If the text contains special characters, use Unicode fonts (Arial under Windows, Lucida Grande under Mac, etc). Failing that, give the editors the name of the font or fonts used and ideally provide the editors with a file containing the fonts used. In any case, give a paper version of the special characters used.


1)      Articles should be structured as follows:


Written in italics, the summaries should be placed between the title and the article’s introduction.



Titles should be as short and precise as possible. The hierarchy of titles should clearly appear (different font, font size, or numbers). Do not go beyond three levels of titles/subtitles.



Use the ruler to determine a first line indent to mark the beginning of a paragraph.
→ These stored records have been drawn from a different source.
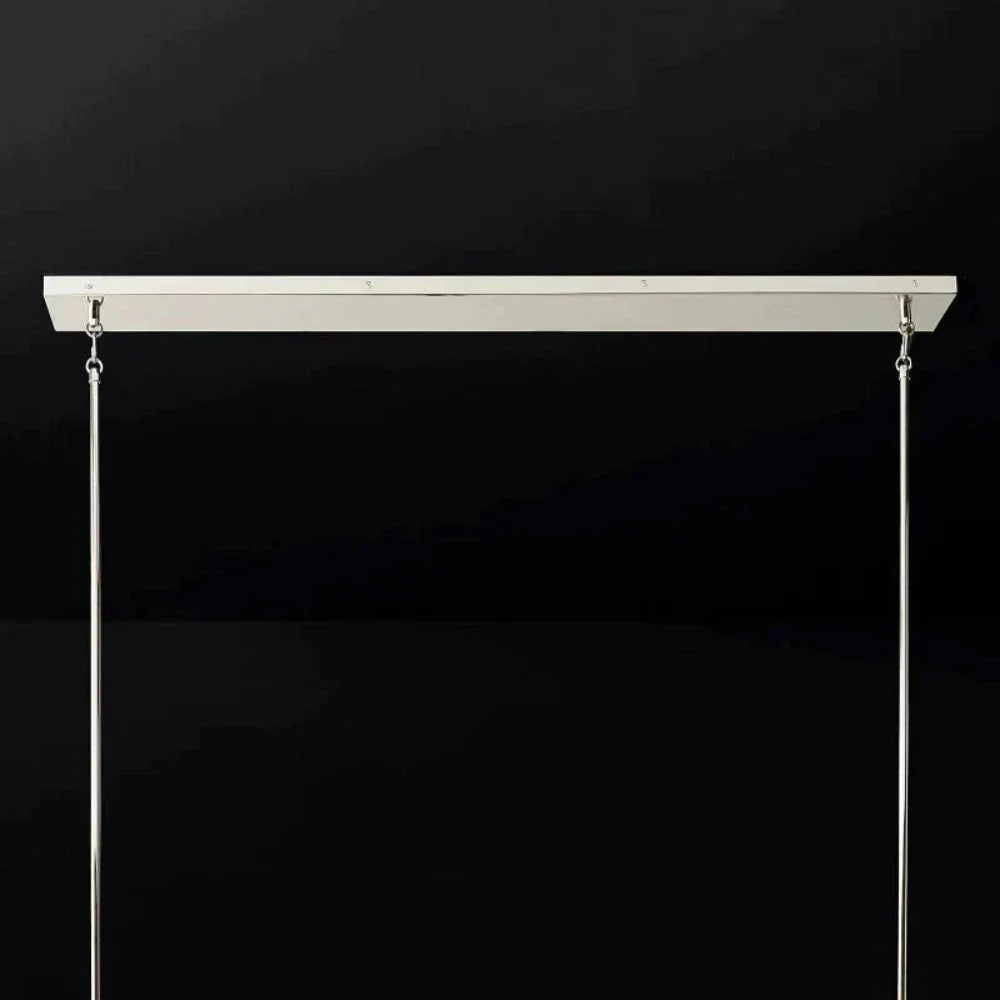Pauillac Island Linear Chandelier Clear Glass 49"/60"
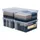 40 x 33 x 17 cm 4-tlg transparent blau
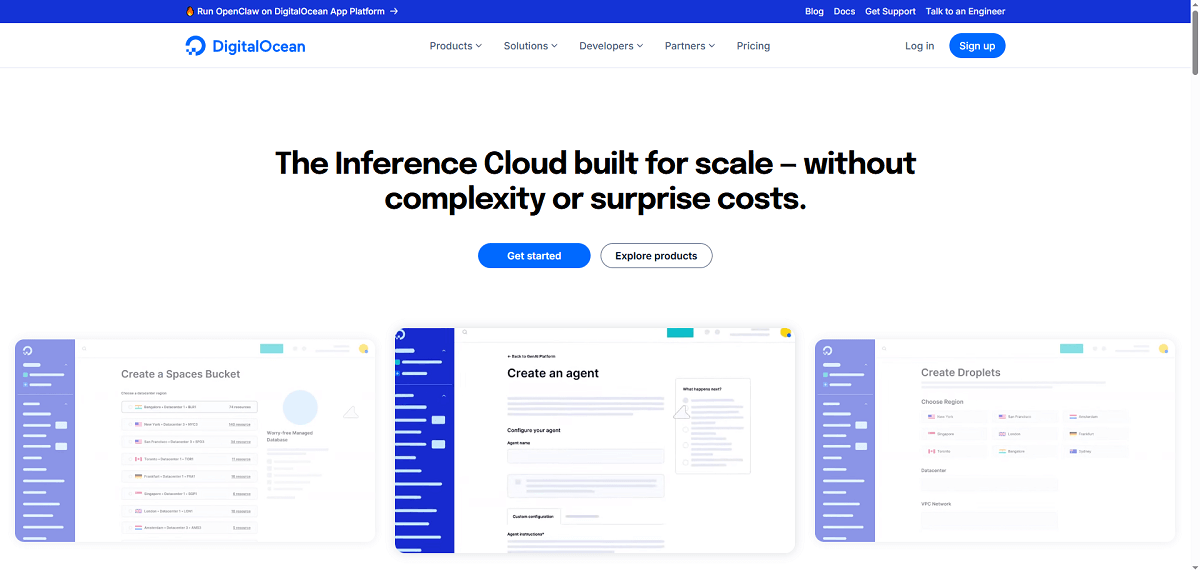 DigitalOcean Cloud Hosting DigitalOcean Cloud Hosting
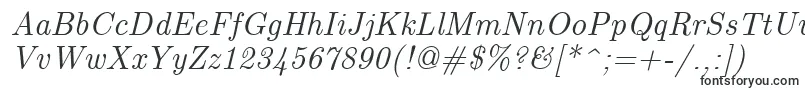 Шрифт EuclidItalic – кассовые шрифты
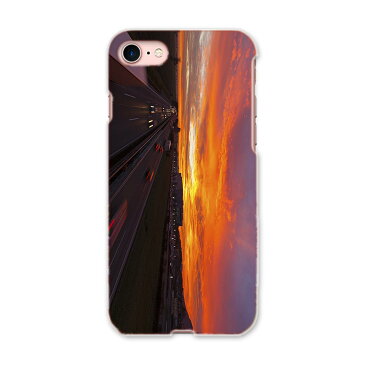 iphone8 iphone 8 アイフォーン softbank ソフトバンク スマホ カバー スマホケース スマホカバー TPU ソフトケース 014962 風景　自然　背景　夜空　夕日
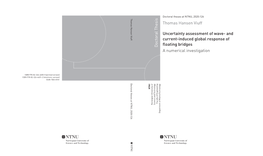 Thomas Hansen Viuff Uncertainty Assessment of Wave- and Current-Induced Global Response of Floating Bridges a Numerical Investig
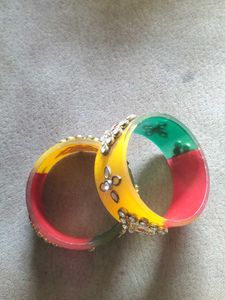 Vibrant Multi-Color Embellished Bangles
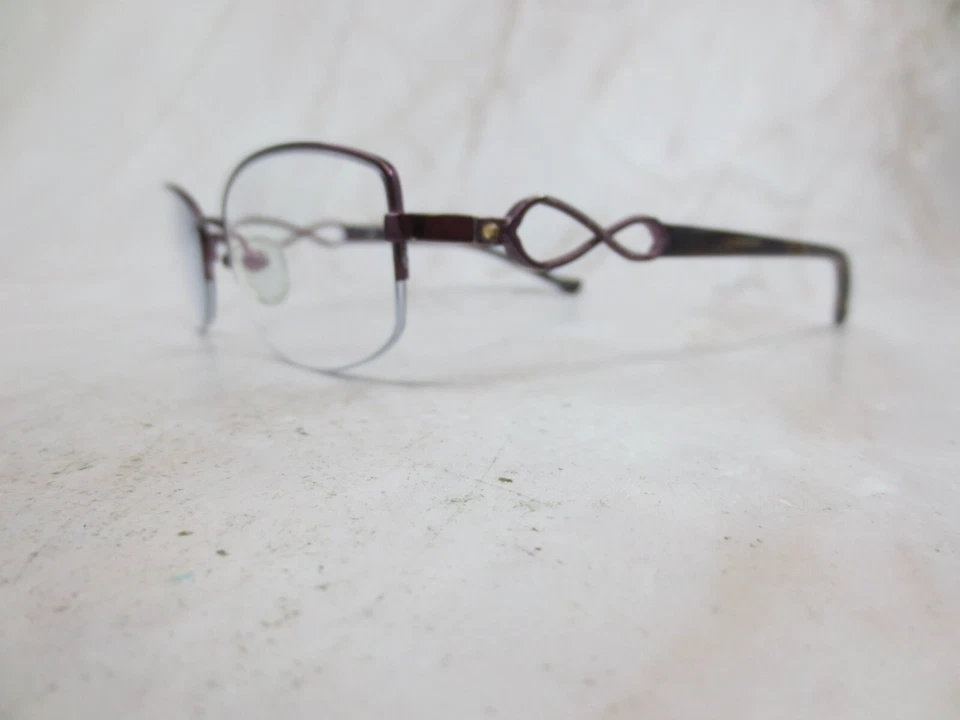 Marco de gafas Tura Mod.R319 para mujer de metal púrpura medio borde cuadrado 53-18-135 Foto 2 de 4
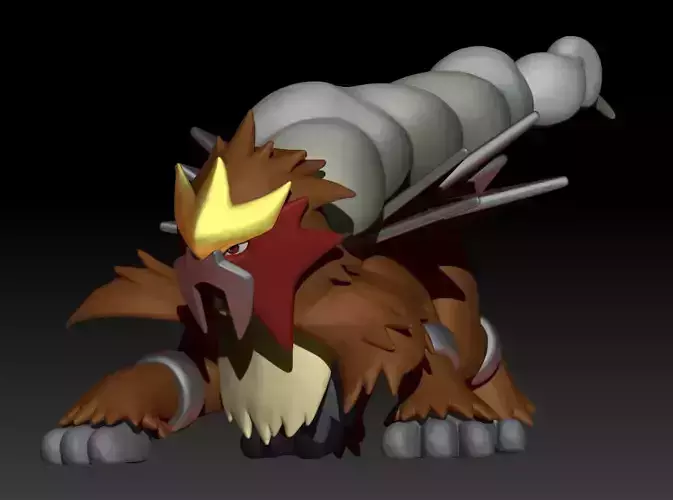 Pokemon Entei 3D print model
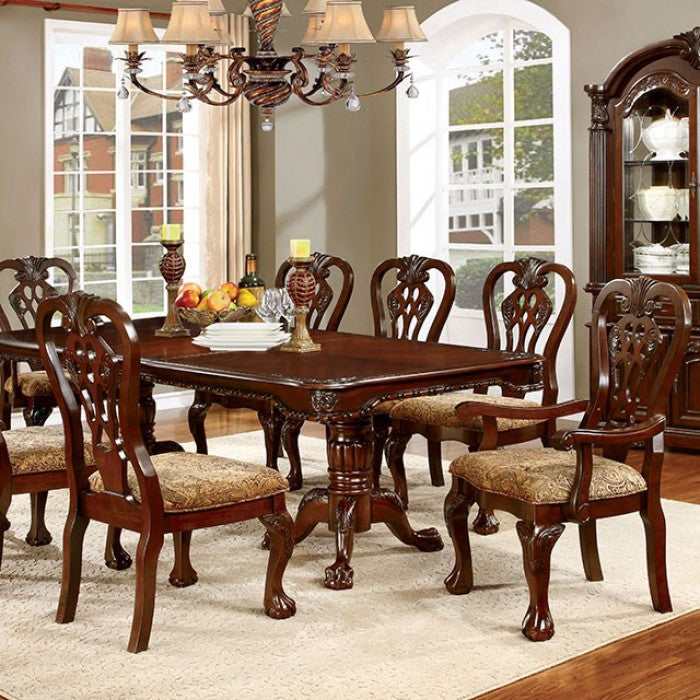 Elana Brown Cherry Dining Room Set / 9pc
Use a double space between paragraphs only to mark a strong and significant divide (for example after the introduction or before the conclusion).



Short: less than two lines. They should be inscribed in normal font and between quotation marks, in the body of the text. Always use French quotation marks « … », and use English quotation marks “...” to mark a quotation inside a longer quotation.

– When a quote is merged into a normal sentence, put the final dot outside the quotation marks.

Ex.1 : Mme Lepic said his hair were like « drum sticks. He would break his comb trying to brush them - if he had one ».

– If the quote starts with a complete sentence but is part of a wider sentence, it should be introduced by a colon. In any case, the quotation should in that case start with a capital letter and the final dot should be placed inside the quotation marks.

Ex.2 : Two centuries before the beginning of our era, the poet Terence said: « I am human, I consider nothing human alien to me. »


Long: Present them as a normal paragraph, same font, but only 10 in size, with a line break before and after, no quotation marks, and a small indent leaving space both on the right and on the left of the quotation.


Ex. 3 : Long quotations of more than two lines,

should be marked as a paragraph using a smaller font size.


In a quotation, any cut should be marked with […], as well as any personal comment. All quotation of more than 10 lines, taken from a source less than 70 years in age and post mortem,  can be subject to copyrights.

Quotations must exactly correspond to the original text, and be systematically accompanied by a footnote giving the source of the quotation.



Should be inserted using Word’s automatic footnote system.

The footnote reference number is placed after closed quotation marks, but before punctuation when the quotation is inserted in the text (example 1). In case of a complete quotation (example 2), or of a long quotation the reference number is placed at the end.


Ex.1 : Mme Lepic said his hair were like « drum sticks. He would break his comb trying to brush them - if he had one »1.

Ex.2 : « I am human, I consider nothing human alien to me. »1


Notes should be as concise and precise as possible (bibliography, sources, short comments…).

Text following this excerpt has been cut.